When the cardinal’s away, corruption will play.
Gaius and Gigina have a new job. A Cardinal Moldine is in town, and one of Gaius’ old school buddies wants the two of them to be guides and bodyguards. This begs the question: why them? The Cardinal has his own staff of offensive Jushikists… Screw it. That word is dumb. He has his own staff of mages. Why did he leave them behind? Moldine dodges the meat of the question, telling them that his staff would “get in the way of (his) fun”. Well, if that isn’t suspicious…
Worse than that, Gaius has to tell his girlfriend Jiv that he can’t go with her to the festival with her. They were going to make a day of it. No way he can go with her now. The festival celebrates the Singing Princess, a noblewoman from long ago that liberated Eridana from foreign powers. The city goes all out, even using magic to do fireworks, which the cardinal loves. Gaius has a chat with Moldine about his motivations, and the holy man lays it all out. As long as the people are safe and happy, he is willing to lie, cheat, and murder to make that peace happen. The odd job mage is a bit concerned by that response. He’s also a bit surprised that the two of them are dismissed as soon as the cardinal reaches his hotel room. What is he up to?
Moldine meets with a shadowstepping spy named… well… Shadow. The two talk in riddles, in case anyone is listening. Whatever they are saying, it has to do with the serial mage-killer that’s been plaguing the city. Well, since they have some left, Gaius and his old buddy Halidel hit the bar. The discussion meanders from Gigina, to an old, illegal spell, to lost loved ones and how they drove these two men down very different paths. Gaius gets sloshed, so Gigina comes to literally pick him up. As he goes, he compliments the barkeep’s choice of furniture, remarking their alluring legs. Wait, so his thing for furniture isn’t an aesthetic, it’s a fetish?!? Okay, well, we all have our thing, I guess.
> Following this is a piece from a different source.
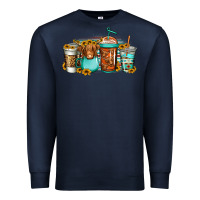 Navy longhaired cow coffee cups Premium Sweatshirt - Jasminsmagicworld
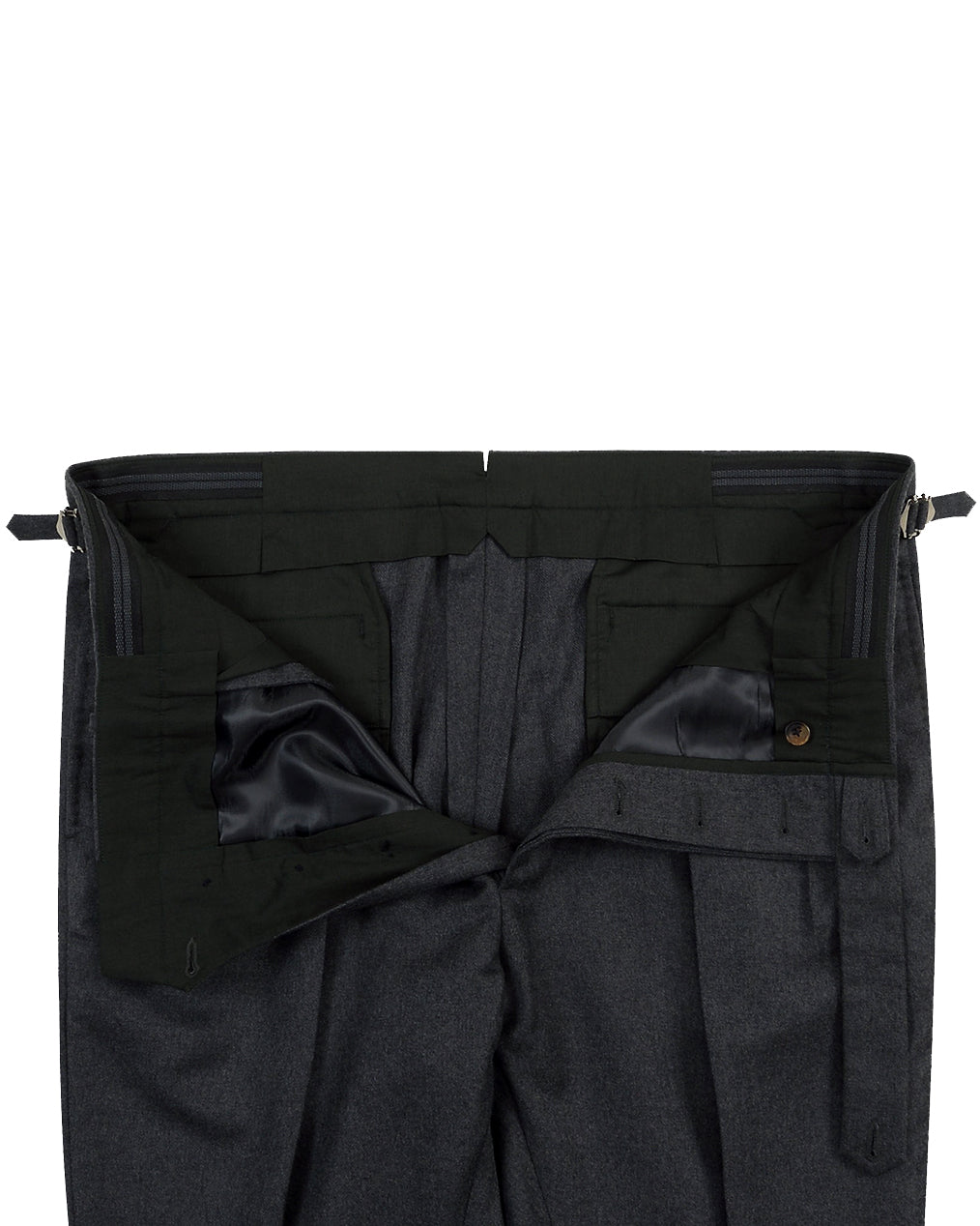 Dugdale Dark Grey Wool Flannel High Waisted Pant - 3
As they walk home, they run into the serial killer. She is Nidvork, and she’s looking for her husband’s killer. Husband? They don’t know who she’s talking about. Her magic is something potent, though, and she regenerates to boot. They barely manage to escape with their lives, but not with empty hands. A bit of her was left behind on Gigina’s sword.
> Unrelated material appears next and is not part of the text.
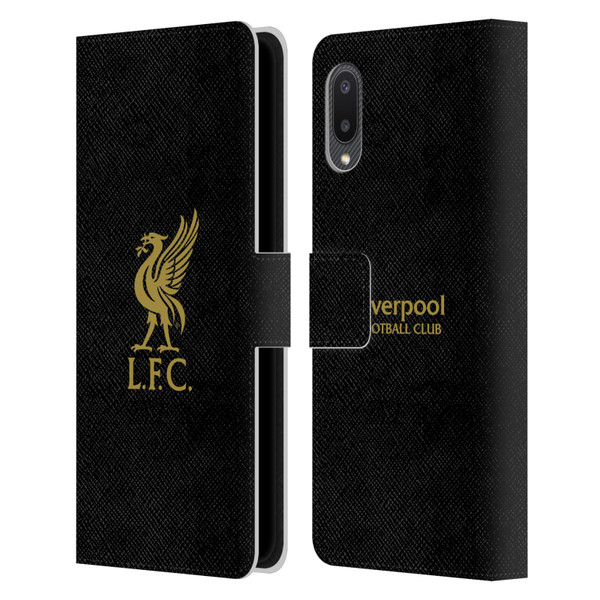 Liverpool Football Club Liver Bird Gold Logo On Black Leather Book Wallet Case Cover For Samsung Galaxy A02/M02 (2021)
This episode builds the plot a bit before things really get moving later on. That, unfortunately, means that it isn’t exceptionally exciting. It doesn’t bother at hinting anything either. There are definitely two factions in the holy city, and they aren’t friendly with each other. I find it disquieting that the legislative body of this country is its church. It’s rather rare to see a religious organization that isn’t corrupt as crap when it becomes the government. Since we see spies, assassins, and factions in this one, it looks like it’s going the same way.
We get a bit of time to see how the two main characters actually interact. They despise each other and only work together out of necessity. While they claim that they are unsuitable as a team, due to opposite approaches to a problem, that actually makes them a solid pair. Gaius is a caster. He needs a tank to aggro the enemy for him. Gigina is powerful but lacks versatility and control of the battlefield. Together, they have everything they need. Except for a healer.
Still, they look out for each other, just in different ways. This kind of relationship has been played out a dozen times in shows, so it isn’t all that revolutionary. At least it isn’t a rip off of the relationship of the Elrics from FMA or the crew of the Bebop from Cowboy Bebop. It would be all too easy to pull either one in this setting.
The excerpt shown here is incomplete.